The "events" of a card are: *(1) Admission, when the valve opens to steam; (2) cutoff, when the valve closes to steam; (3) Release, when the valve opens to exhaust; (4) Compression, when the valve closes the exhaust. Looking again at Figure 1, the space from zero to the beginning of the stroke is proportional to the clearance volume in the cylinder, that is, the volume between piston and cylinder head plus the volume of the steam occupying it does no work on the piston and so is wasted. It is evident then that clearance volume should be as small as possible without getting the passage so small that there is a large pressure drop. The line marked "Atm" represents atmospheric pressure and the actual exhaust pressure will be a little steam passage up to the valve face. Clearance volume is expressed as a percentage of the stroke volume and in fullsize engines may be as much as 20%. The higher because of resistance at the blast nozzle. Halsey shows cards taken on locomotives which indicate a back pressure of about five pounds.
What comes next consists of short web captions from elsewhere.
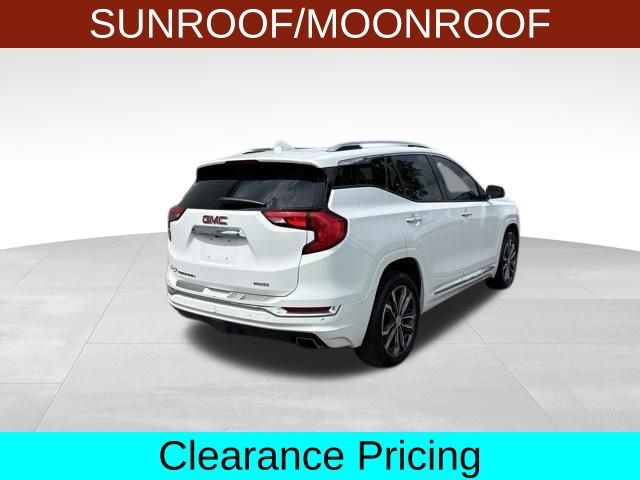 GMC Terrain Denali AWD 2018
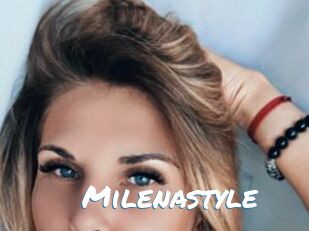 Milenastyle Max 50
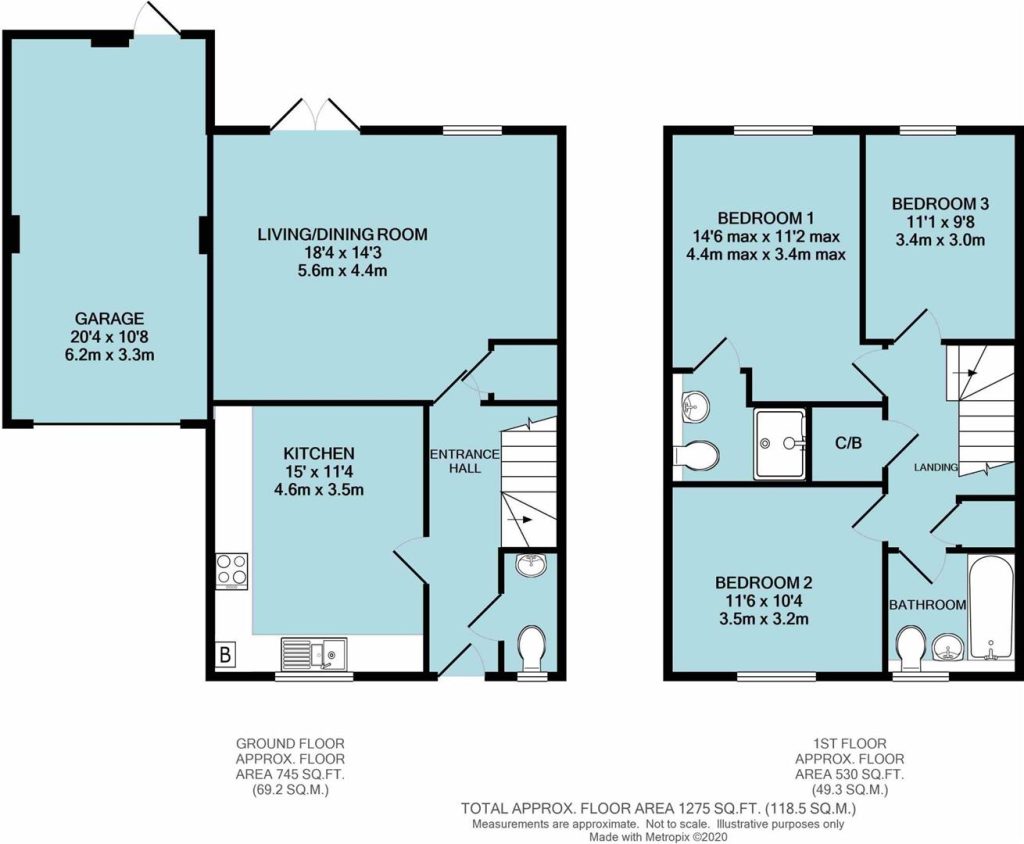 Floor Plans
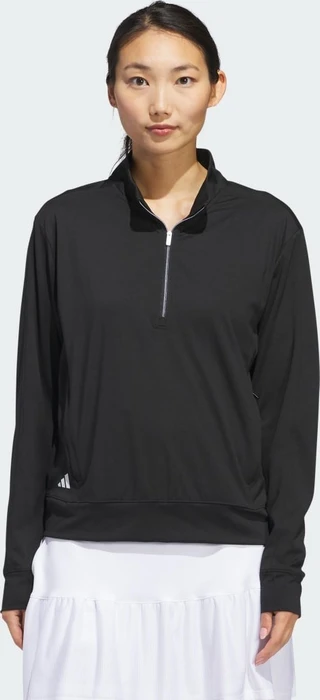 adidas Women's Ultimate365 Half-Zip Layering Pullover (Damen)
Comparing the card in Figure 1 (b) with that in Figure 1 (a) it will be noticed that cut-off and release are earlier in the forward stroke and compression and compression is earlier in the return stroke. These limitations of the plain slide valve must be accepted. The early release represents a waste of steam. The early compression means that more steam is trapped and compressed in the cylinder at the end of the return stroke. The resulting higher pressure may be a good thing because it aids in absorbing the energy of the faster moving piston and bringing it to rest at the end of the stroke.
Now, what about dimensions of ports and passages? Halsey has quite a bit to say about assumed average velocities of the steam through the ports and passages and this may be a good way when designing single speed stationary engines but he admits, himself, that the method can't be applied to locomotives with their widely varying piston speeds and cut-offs. A better way, for us at least, is probably to analyze a few locomotives and determine some proportions. Start by scaling the bore and stroke of the engine we wish to follow. Our bore is likely to be smaller than scale because our cylinder head screws are usually over scale and so require thicker cylinder walls. When the cylinder diameter is decided upon we can express port widths and lengths in terms of this diameter.
Figure 2 represents the port face for a cylinder using a slide valve. L is length of port (across the cylinder); S is steam port width; E is exhaust port width; and B is thickness of bridge wall. Let D be cylinder diameter. Halsey gives the dimensions for nineteen locomotives and also proportions of average stationary engine practice. Take first, the port length, L. In Halsey's locos L. varies from 0.85D to 1.0D with an average of 0.9D. In stationary engine practice L in often 0.75D. Halsey states that the ports of British locomotives are smaller for a given size of cylinder than are those of American engines and thinks that may be one reason why British engines are claimed to be more economical. (When we write). I have no data on British engines but I did investiage four of L.B.S.C.'s engines and in these L averages 0.57D. This small ratio may be partly due to over-size valve chest screws which reduce the available width inside the chest. However, a large L seems desireable. The steam pressure in the cylinder should rise rapidly as possible when the valve is just opening to steam and the longer the port the greater the available port area. I am not arguing for lengths greater than L.B.S.C's but the reasoning indicates why some amateur designs using a single drilled hole for a steam port will not pull anything.